▶ _EXERCISE REQUIREMENTS_:
An exact transcription is needed, beginning at the line with "F3P452 Kentucky License Plate" and ending at the last line of the listing, with pictures left out and nothing else added.
Top of LISTED RECORDS
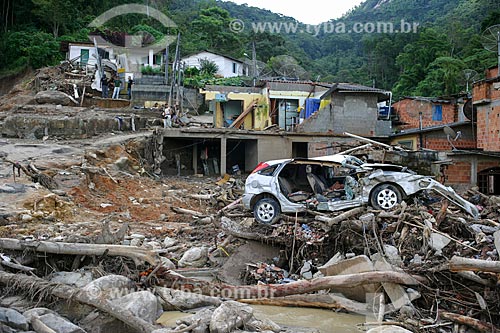  Casas destruídas pelo deslizamento de terra causado pelas fortes chuvas  - Teresópolis - Rio de Janeiro - Brasil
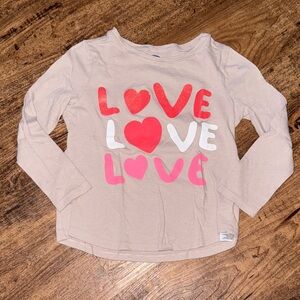 Old Navy Pink and White Love Long Sleeve Tee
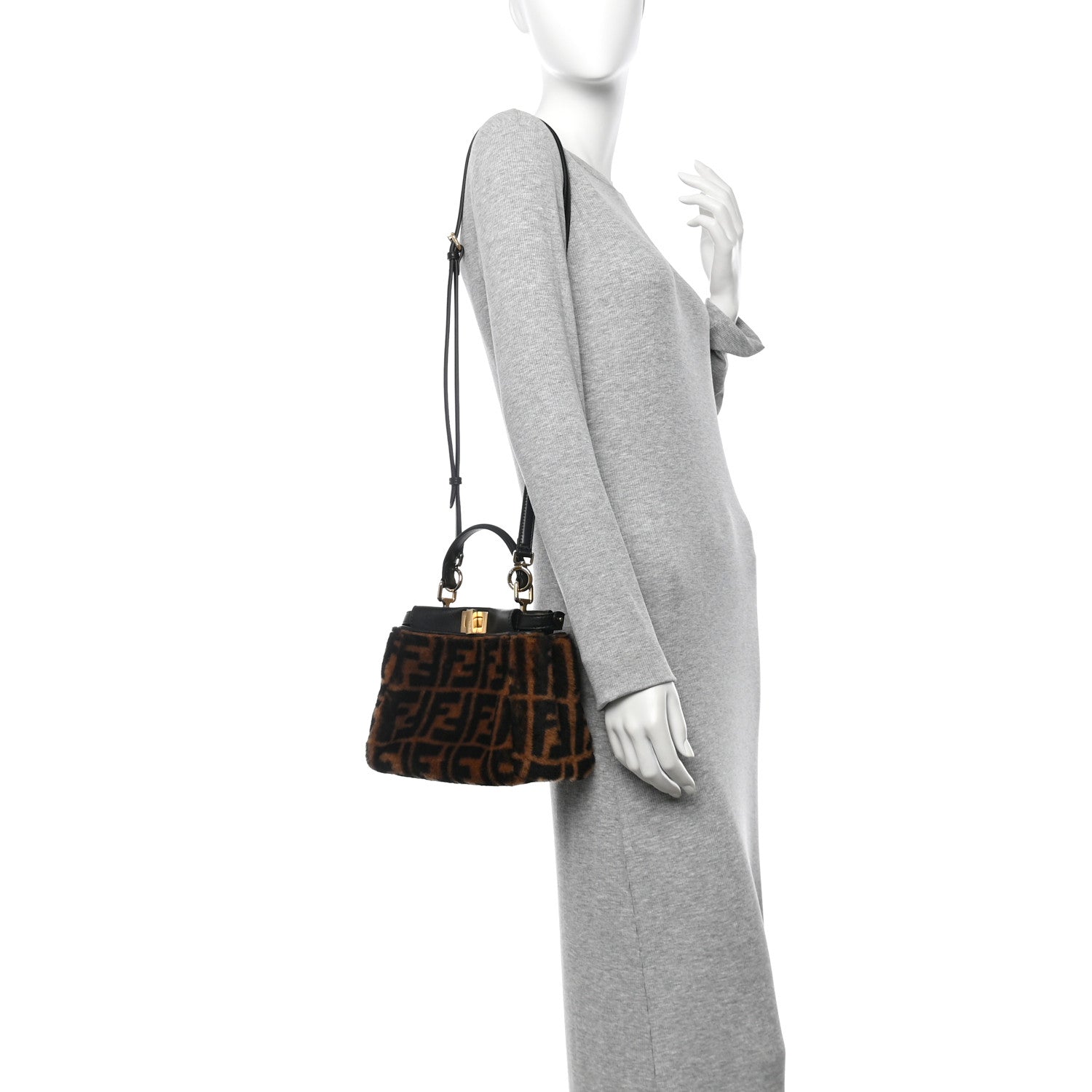 Fendi Shearling Nappa Macro FF 1974 Mini Peekaboo Iconic Satchel Tobacco Black 2 of 9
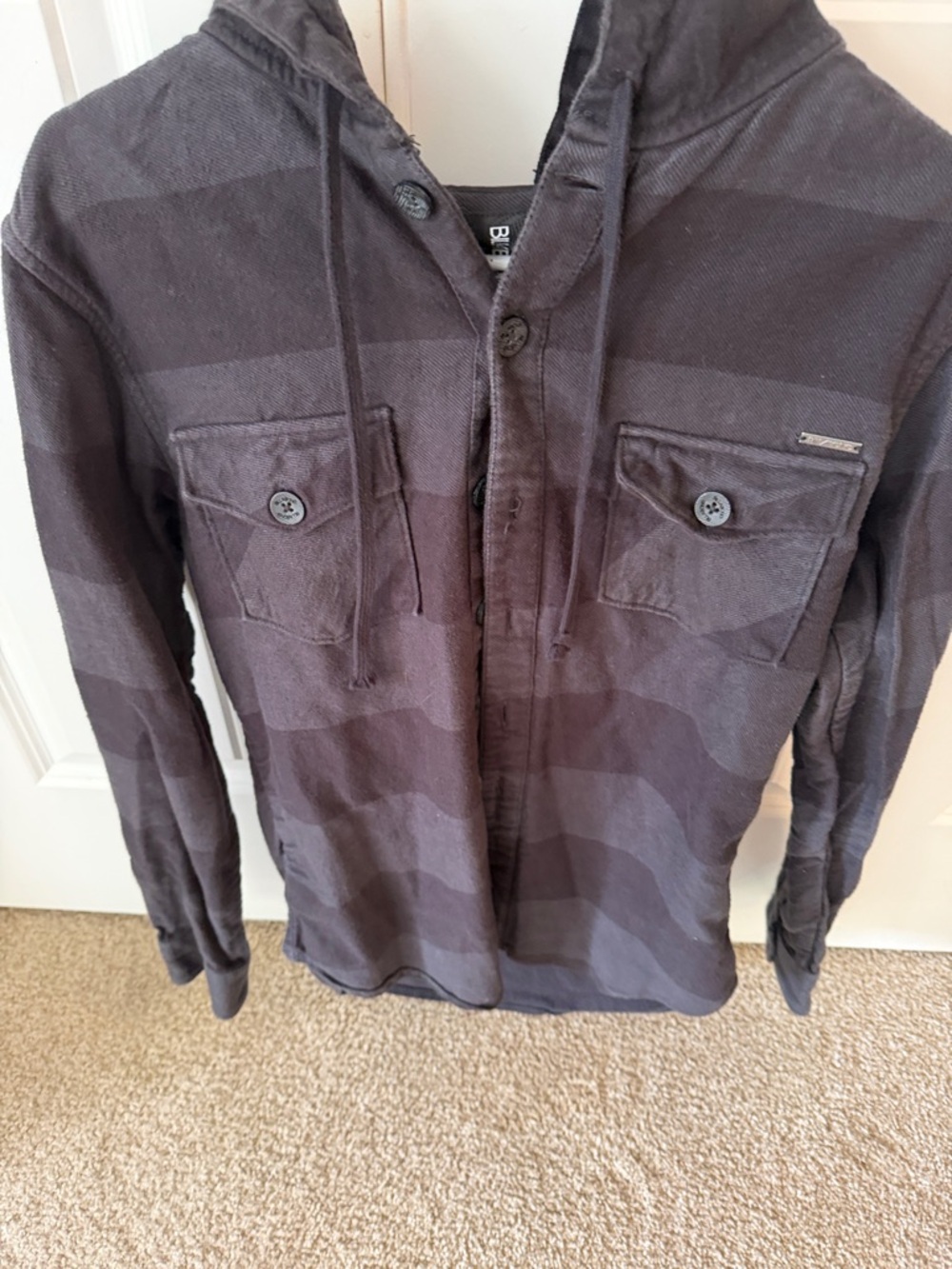 Men's Hooded Button-Front Shirt Jacket in Charcoal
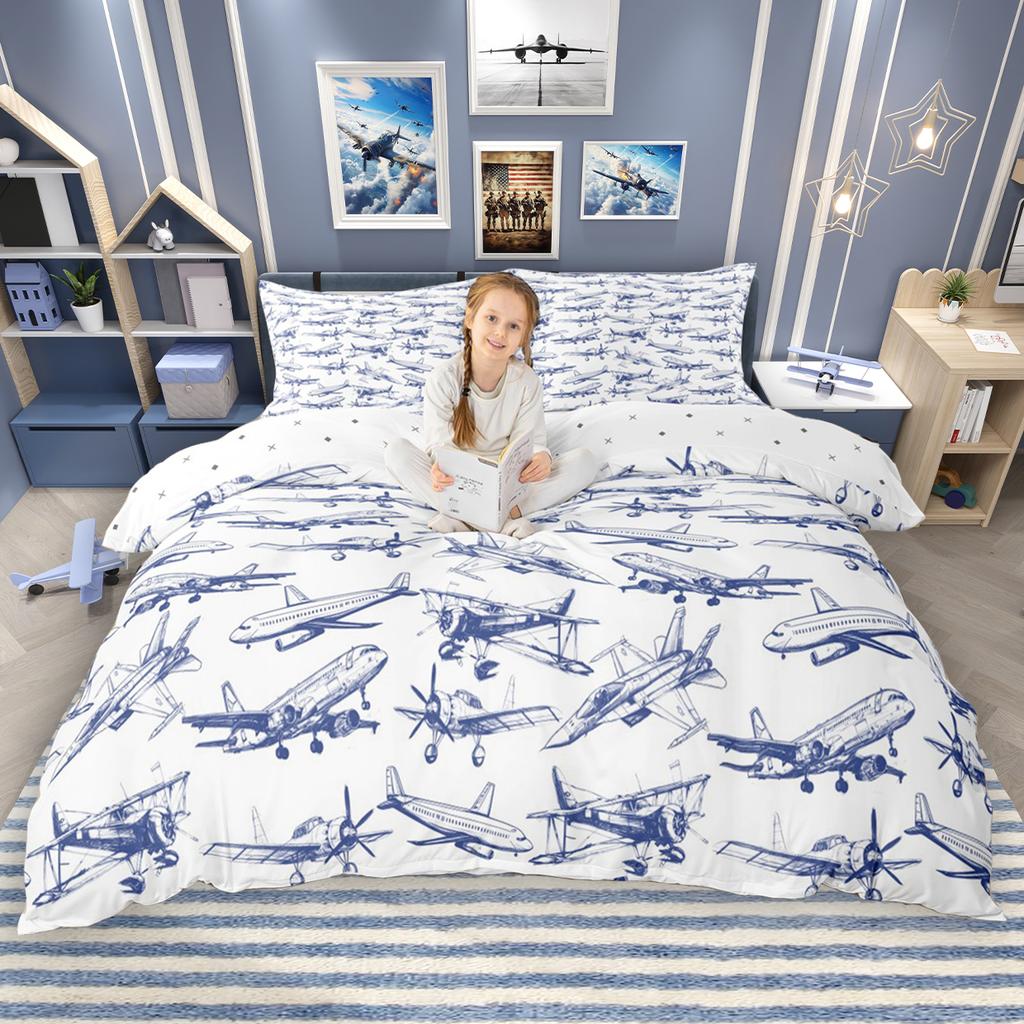 Homewish Cartoon Aircraft Train Duvet Cover Set for Children 2pcs/3pcs, Airplane Steam Engine Bedding, Transportation Bed Set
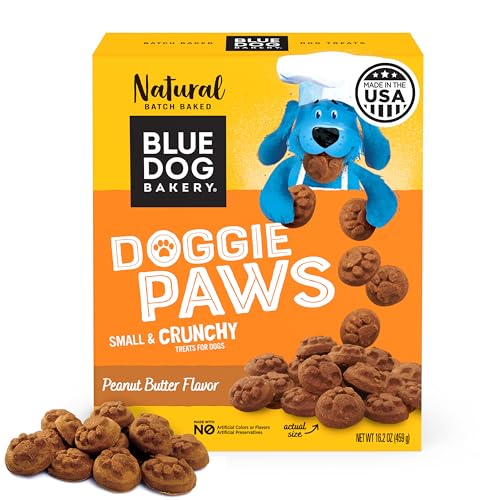Blue Dog Bakery Natural Dog Treats, Doggie Paws, Peanut Butter Flavor, 16.2oz (1 Count) by Blue Dog Bakery - American Made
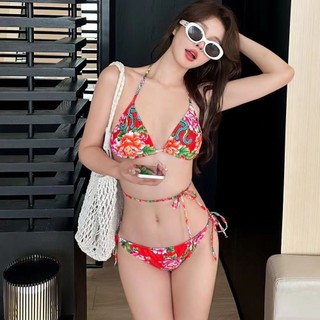 Bikini Hoa Lớn Bao Bụng Của Bạn Với Eo Cao Giảm Béo Hai Mảnh Đồ Bơi Nữ Mới 2024 Cao Cấp Đồ Bơi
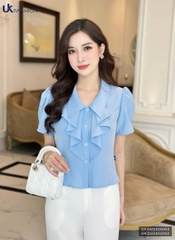 Sơ mi cổ sen nhọn bèo cổ UKSM2405004 xinh xắn, điệu đà, duyên dáng, nữ tính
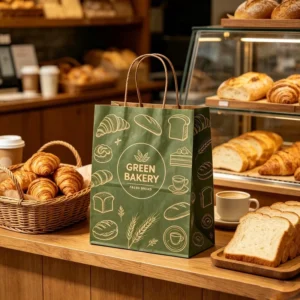 Custom Printed Biodegradable Kraft Paper Shopping Bag with Twisted Paper Handle for Restaurant Takeaway
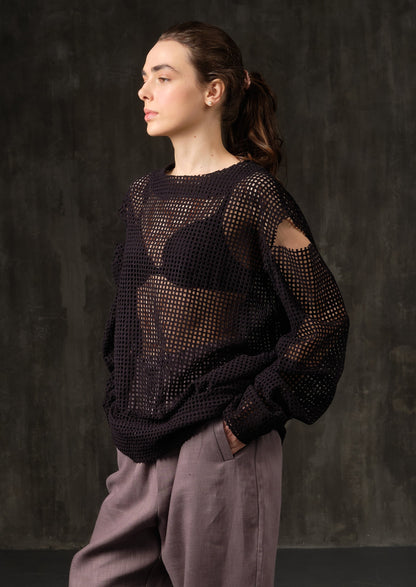 Sweatshirt - mesh black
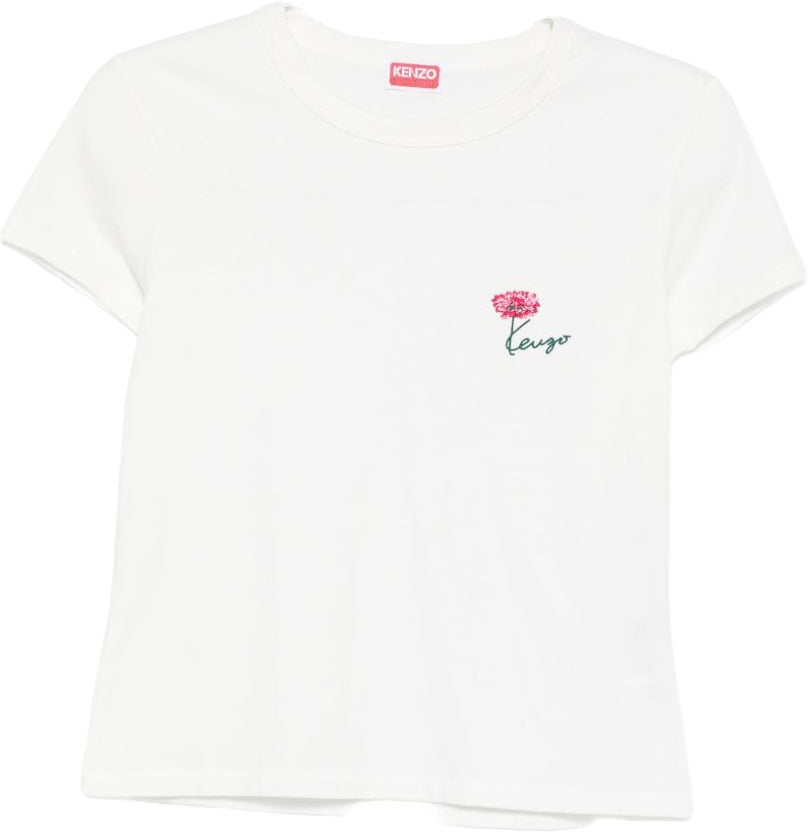 Kenzo White Flower Embroidery Logo Crew Neck Top Wit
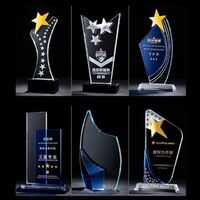 HYPER wholesale Custom Any Text And Pattern Big Blank Color Glass crystal Award Trophy Plaque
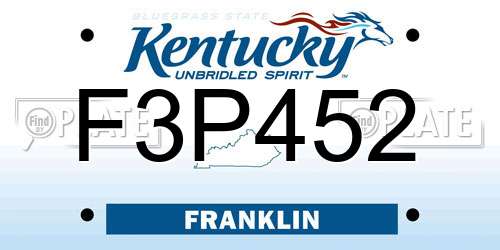 F3P452 Kentucky License Plate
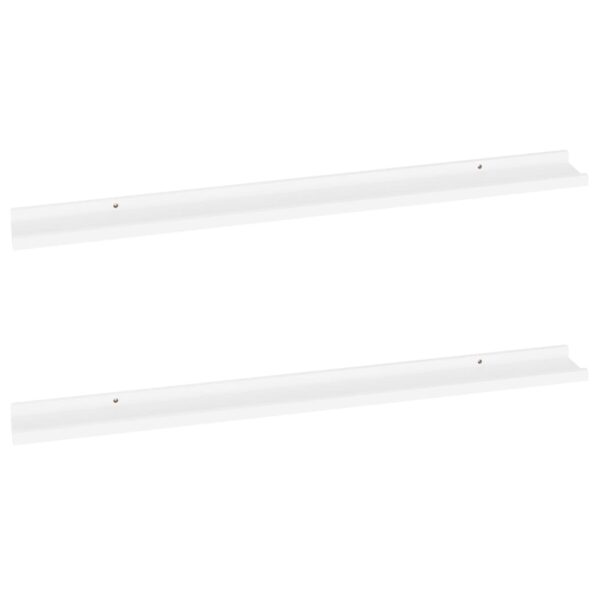 vidaXL Nástenné police 2 ks, biele 100x9x3 cm – Obrázok 2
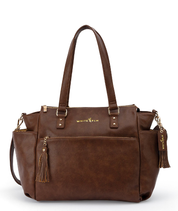 Walnut brown Gemini convertible backpack shown from the front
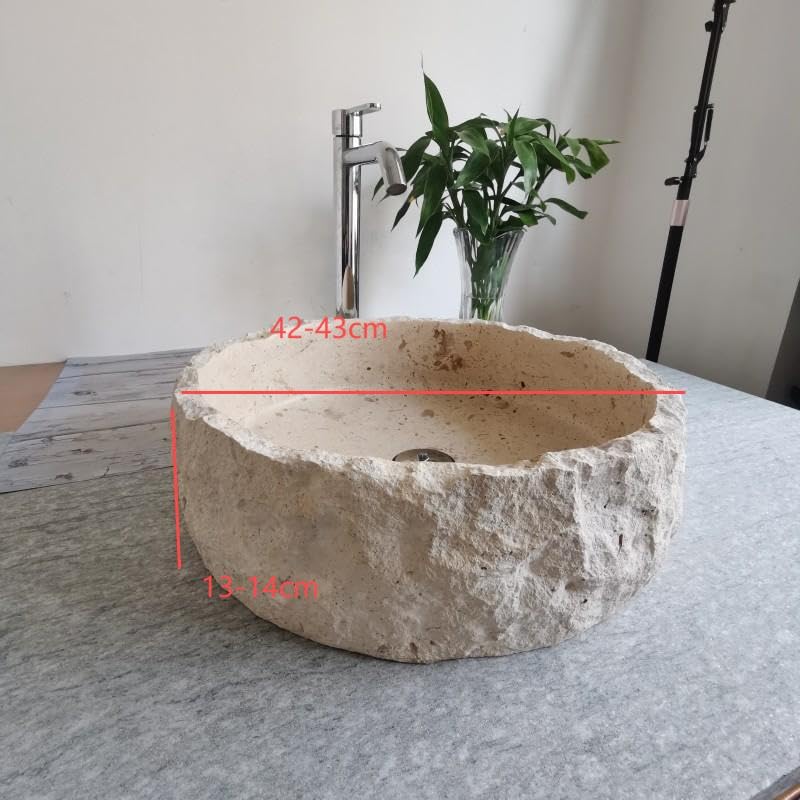 Beżowy trawertyn kamienna umywalka blat okrągłe zlewozmywaki 40 cm x 13 cm chrocks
Bottom of LISTED RECORDS
▶ _RESPONSE BOX_:
 F3P452 Kentucky License Plate
 vidaXL Nástenné police 2 ks, biele 100x9x3 cm – Obrázok 2
 Walnut brown Gemini convertible backpack shown from the front
 Beżowy trawertyn kamienna umywalka blat okrągłe zlewozmywaki 40 cm x 13 cm chrocks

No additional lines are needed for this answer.